Formado por Liu Impaléa no teclado e na guitarra, Lucian Cupin no baixo e Marcello Marochi na bateria, o power trio Abakaxy Kitudu V já entra 2019 escrevendo seu nome na cena. O EP “Buscar Significado é Suicídio Filosófico”, que conta com produção de Francis Pedemonte, nos presenteia com 26 minutos de psicodelia de primeira qualidade. O impactante título do registro de estreia da banda remete à filosofia do absurdo (ou absurdismo) do escritor argelino Albert Camus, que trata da busca incessante por significado, uma busca impossível e, portanto, infinita, mas que parece inerente à própria condição humana. A filosofia de Camus bebe da fonte do niilismo e do existencialismo, e dos escritos de alguns filósofos dos séculos XIX e XX como Kierkegaard e Sartre.

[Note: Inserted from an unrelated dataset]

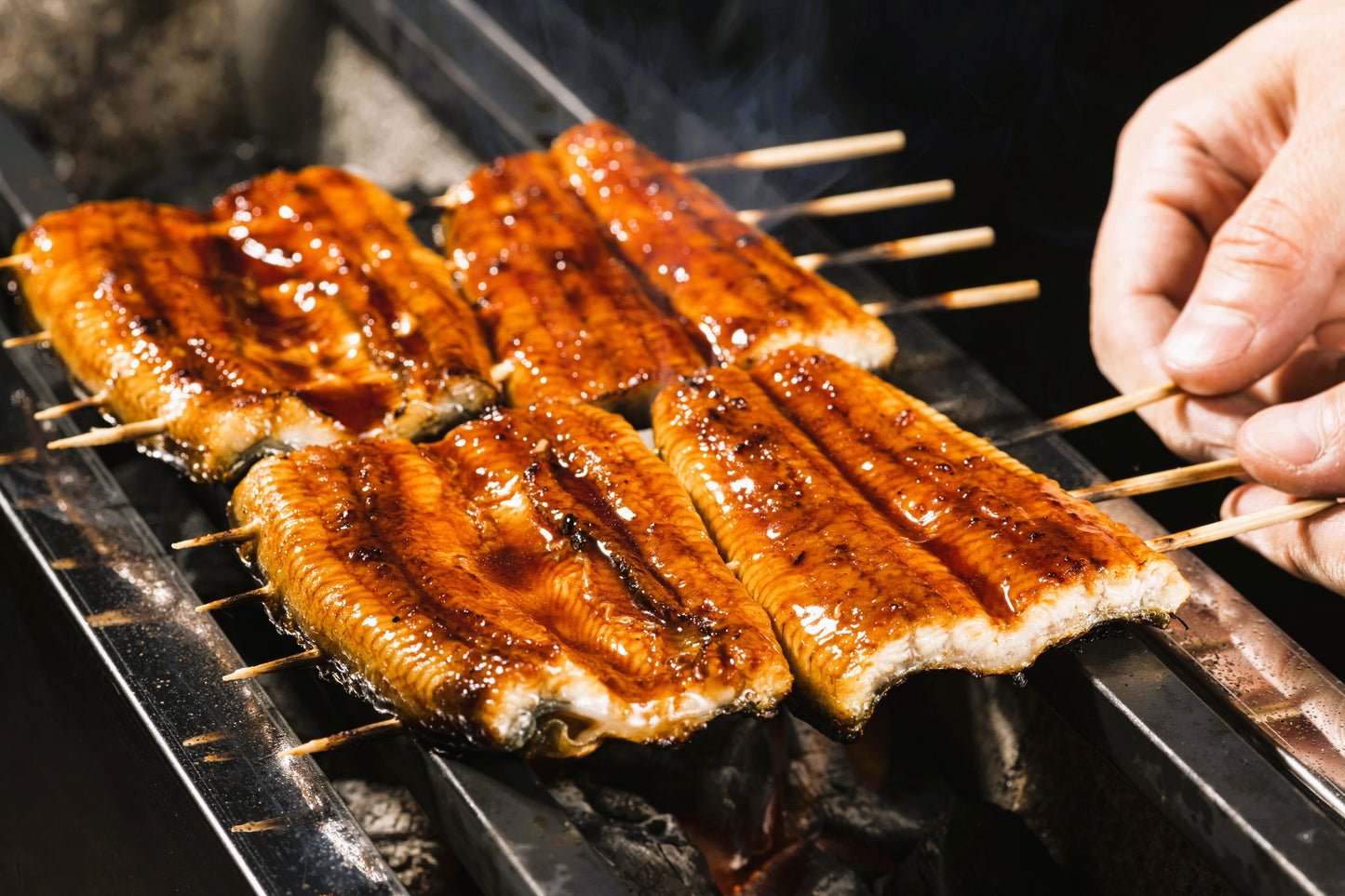 うなぎ蒲焼有頭背開き 2尾（約330g×2尾） 北海道と沖縄を除き【送料無料】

Legal, legal… Mas e daí? O que isso tem a ver com o som do Abakaxy Kitudu V? Tu-do. A psicodelia musical de autoria do trio convida o ouvinte a aceitar a impossibilidade de se encontrar o significado das coisas e o sentido da vida. Em outras palavras, é um chamado para mergulhar nas harmônicas e agradáveis texturas sonoras costuradas pela banda. As três faixas que compõem o EP são marcadas por elementos de rock psicodélico contemporâneo, mas também carrega claras influências de jazz e prog, magistralmente combinados em uma belíssima “desordem ordenada”, com algo de orgânico e sensorial.

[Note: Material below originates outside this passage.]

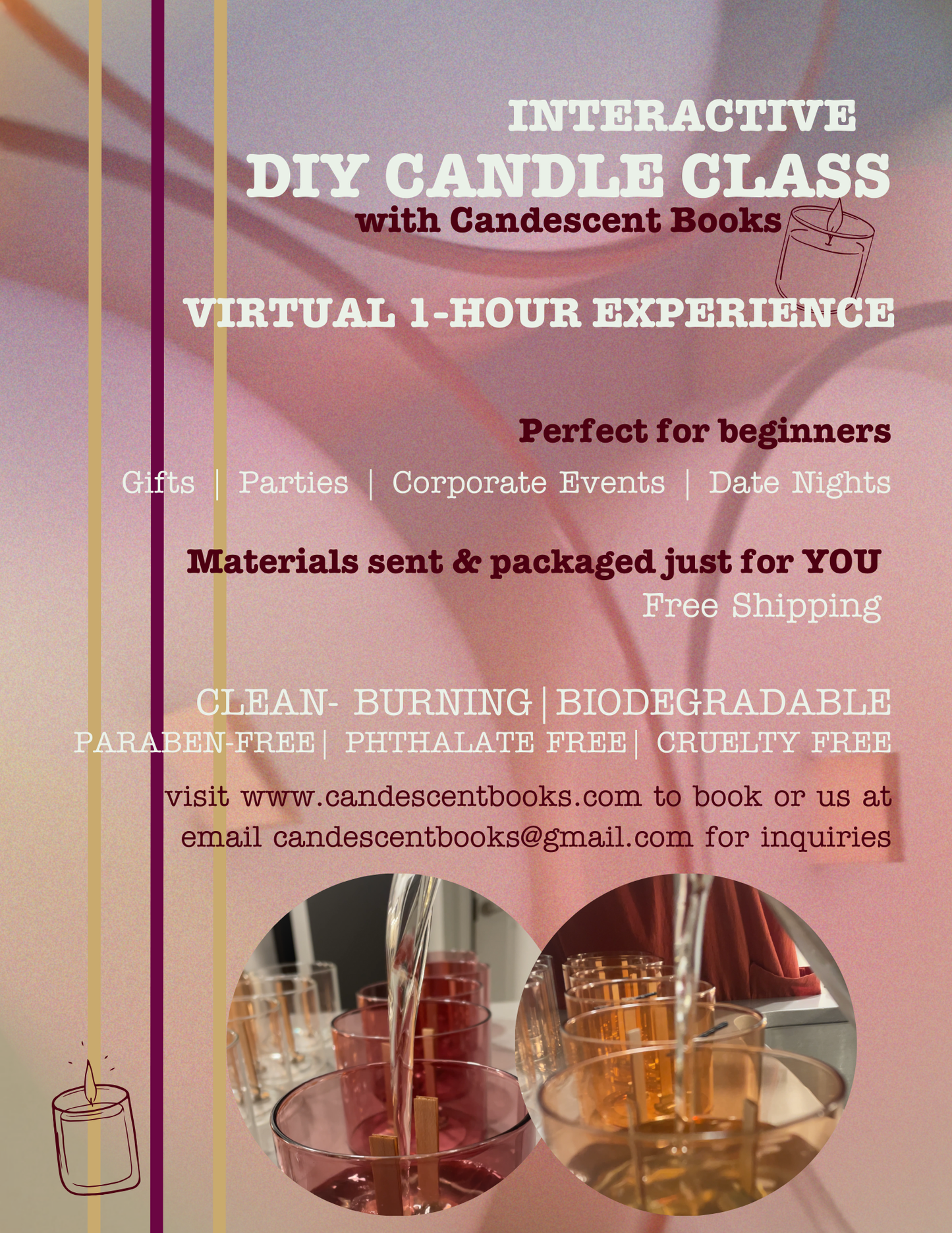 Virtual Candle Making Class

A primeira faixa do registro (minha favorita), “Logo Colo”, traz um baixo falante e nada discreto. A segunda música, “Meu Almoço Não Chegou”, já tinha sido lançada como single no final de 2018, são 10 minutos do que começa como um flerte brincalhão entre teclado e bateria que é, posteriormente, interrompido por acordes marcantes de guitarra. A derradeira “Kleber’s Song”… Bem, eu não sei o que o tal Kleber tomou, mas talvez eu queira um pouquinho. Em suma, o trio Abakaxy Kitudu V faz uma refrescante incursão por um estilo musical já bastante desgastado, o rock psicodélico, ao mesmo tempo em que conversa com estilos outros e conceitos mais contemporâneos. O resultado é música inovadora e ao mesmo tempo reconhecível para os fãs do gênero, encharcada da mais pura e consonante psicodelia.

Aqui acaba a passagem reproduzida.